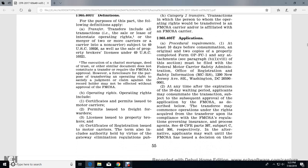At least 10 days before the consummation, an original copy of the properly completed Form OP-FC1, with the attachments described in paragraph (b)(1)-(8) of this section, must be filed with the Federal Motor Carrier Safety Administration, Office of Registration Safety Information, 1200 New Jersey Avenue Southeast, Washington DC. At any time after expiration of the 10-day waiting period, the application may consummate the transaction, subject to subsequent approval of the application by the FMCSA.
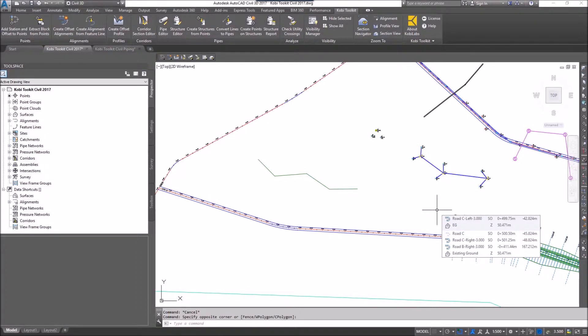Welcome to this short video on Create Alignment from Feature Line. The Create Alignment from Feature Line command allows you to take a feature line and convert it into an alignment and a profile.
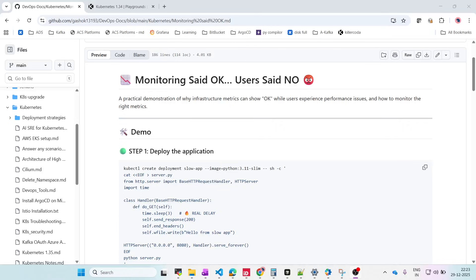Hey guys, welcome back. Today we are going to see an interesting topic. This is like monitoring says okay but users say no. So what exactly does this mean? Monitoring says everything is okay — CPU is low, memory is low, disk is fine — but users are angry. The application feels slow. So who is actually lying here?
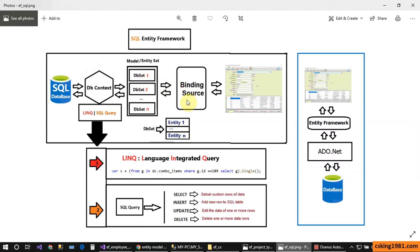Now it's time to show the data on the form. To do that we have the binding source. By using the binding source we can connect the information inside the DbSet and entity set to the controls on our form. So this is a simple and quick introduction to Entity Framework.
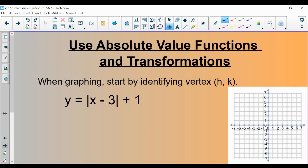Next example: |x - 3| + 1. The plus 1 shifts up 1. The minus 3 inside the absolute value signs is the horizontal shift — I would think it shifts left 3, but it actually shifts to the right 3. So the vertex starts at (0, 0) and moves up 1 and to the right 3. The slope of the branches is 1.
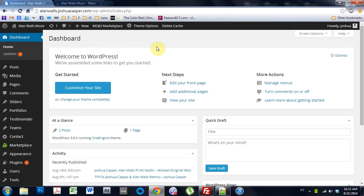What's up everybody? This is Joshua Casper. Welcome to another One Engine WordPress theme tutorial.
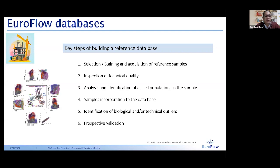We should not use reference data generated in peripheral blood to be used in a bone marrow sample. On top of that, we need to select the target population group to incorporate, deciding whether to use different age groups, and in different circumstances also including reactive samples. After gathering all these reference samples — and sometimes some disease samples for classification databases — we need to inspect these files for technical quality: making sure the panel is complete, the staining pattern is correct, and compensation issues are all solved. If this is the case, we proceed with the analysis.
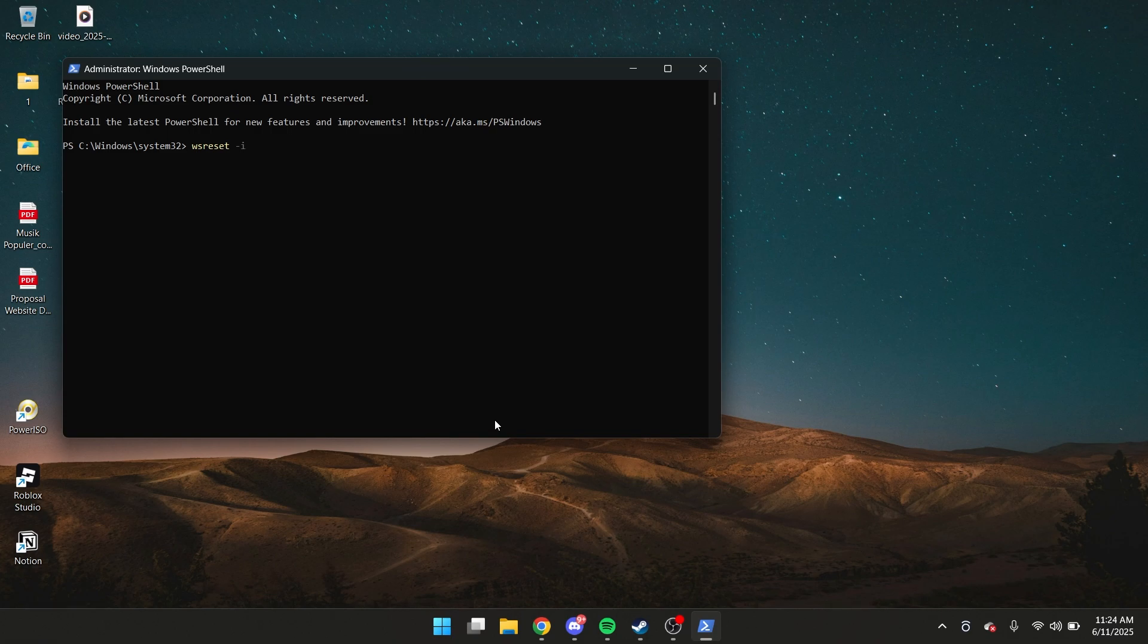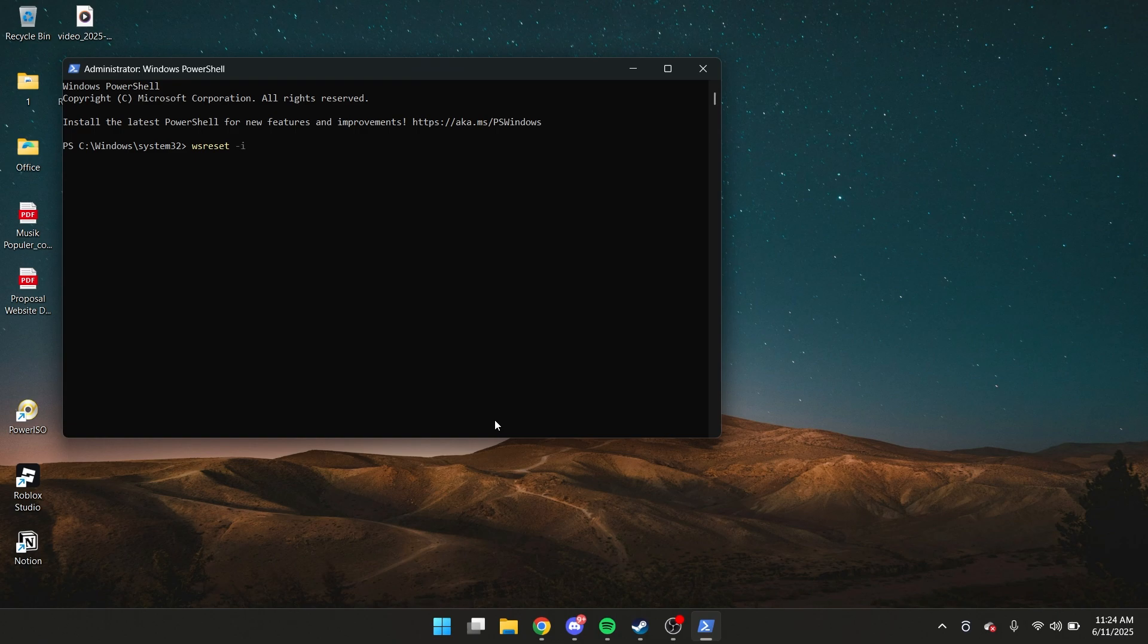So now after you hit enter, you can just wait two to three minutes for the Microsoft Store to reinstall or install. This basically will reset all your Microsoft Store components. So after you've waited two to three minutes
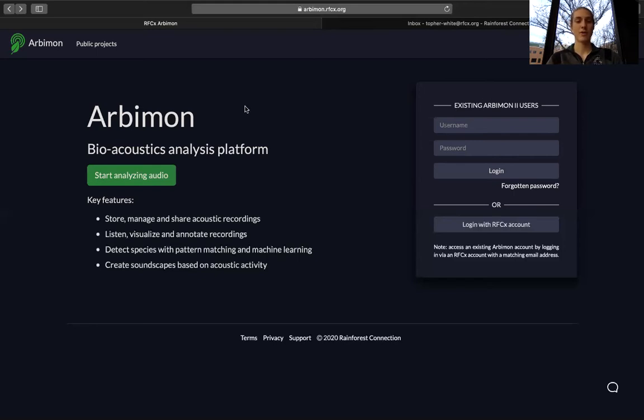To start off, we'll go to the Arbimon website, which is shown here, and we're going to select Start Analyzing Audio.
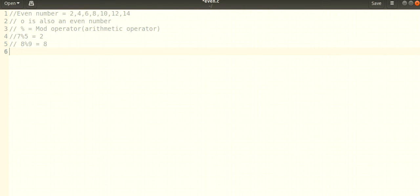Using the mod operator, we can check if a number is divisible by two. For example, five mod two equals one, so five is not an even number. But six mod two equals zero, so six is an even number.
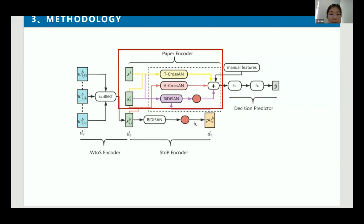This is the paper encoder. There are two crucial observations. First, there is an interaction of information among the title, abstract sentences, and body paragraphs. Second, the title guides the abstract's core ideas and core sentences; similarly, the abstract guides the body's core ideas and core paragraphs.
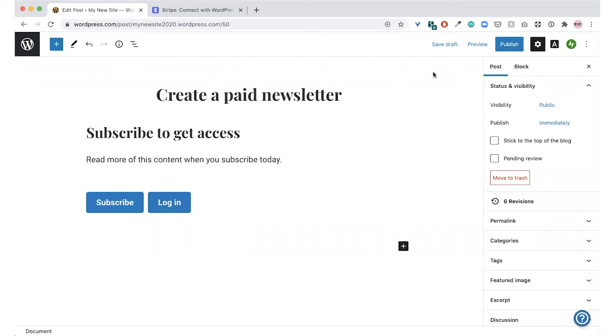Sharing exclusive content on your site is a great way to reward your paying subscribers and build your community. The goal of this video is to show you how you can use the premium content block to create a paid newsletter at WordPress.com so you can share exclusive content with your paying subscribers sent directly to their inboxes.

========================

* [TASK]
Retype the data word for word, please, and keep the images out.

* [WRITTEN RESPONSE]
At least 10 days before the consummation, an original copy of the properly completed Form OP-FC1, with the attachments described in paragraph (b)(1)-(8) of this section, must be filed with the Federal Motor Carrier Safety Administration, Office of Registration Safety Information, 1200 New Jersey Avenue Southeast, Washington DC. At any time after expiration of the 10-day waiting period, the application may consummate the transaction, subject to subsequent approval of the application by the FMCSA.
Welcome to this short video on Create Alignment from Feature Line. The Create Alignment from Feature Line command allows you to take a feature line and convert it into an alignment and a profile.
Hey guys, welcome back. Today we are going to see an interesting topic. This is like monitoring says okay but users say no. So what exactly does this mean? Monitoring says everything is okay — CPU is low, memory is low, disk is fine — but users are angry. The application feels slow. So who is actually lying here?
Now it's time to show the data on the form. To do that we have the binding source. By using the binding source we can connect the information inside the DbSet and entity set to the controls on our form. So this is a simple and quick introduction to Entity Framework.
Next example: |x - 3| + 1. The plus 1 shifts up 1. The minus 3 inside the absolute value signs is the horizontal shift — I would think it shifts left 3, but it actually shifts to the right 3. So the vertex starts at (0, 0) and moves up 1 and to the right 3. The slope of the branches is 1.
What's up everybody? This is Joshua Casper. Welcome to another One Engine WordPress theme tutorial.
We should not use reference data generated in peripheral blood to be used in a bone marrow sample. On top of that, we need to select the target population group to incorporate, deciding whether to use different age groups, and in different circumstances also including reactive samples. After gathering all these reference samples — and sometimes some disease samples for classification databases — we need to inspect these files for technical quality: making sure the panel is complete, the staining pattern is correct, and compensation issues are all solved. If this is the case, we proceed with the analysis.
So now after you hit enter, you can just wait two to three minutes for the Microsoft Store to reinstall or install. This basically will reset all your Microsoft Store components. So after you've waited two to three minutes
To start off, we'll go to the Arbimon website, which is shown here, and we're going to select Start Analyzing Audio.
Using the mod operator, we can check if a number is divisible by two. For example, five mod two equals one, so five is not an even number. But six mod two equals zero, so six is an even number.
This is the paper encoder. There are two crucial observations. First, there is an interaction of information among the title, abstract sentences, and body paragraphs. Second, the title guides the abstract's core ideas and core sentences; similarly, the abstract guides the body's core ideas and core paragraphs.
Sharing exclusive content on your site is a great way to reward your paying subscribers and build your community. The goal of this video is to show you how you can use the premium content block to create a paid newsletter at WordPress.com so you can share exclusive content with your paying subscribers sent directly to their inboxes.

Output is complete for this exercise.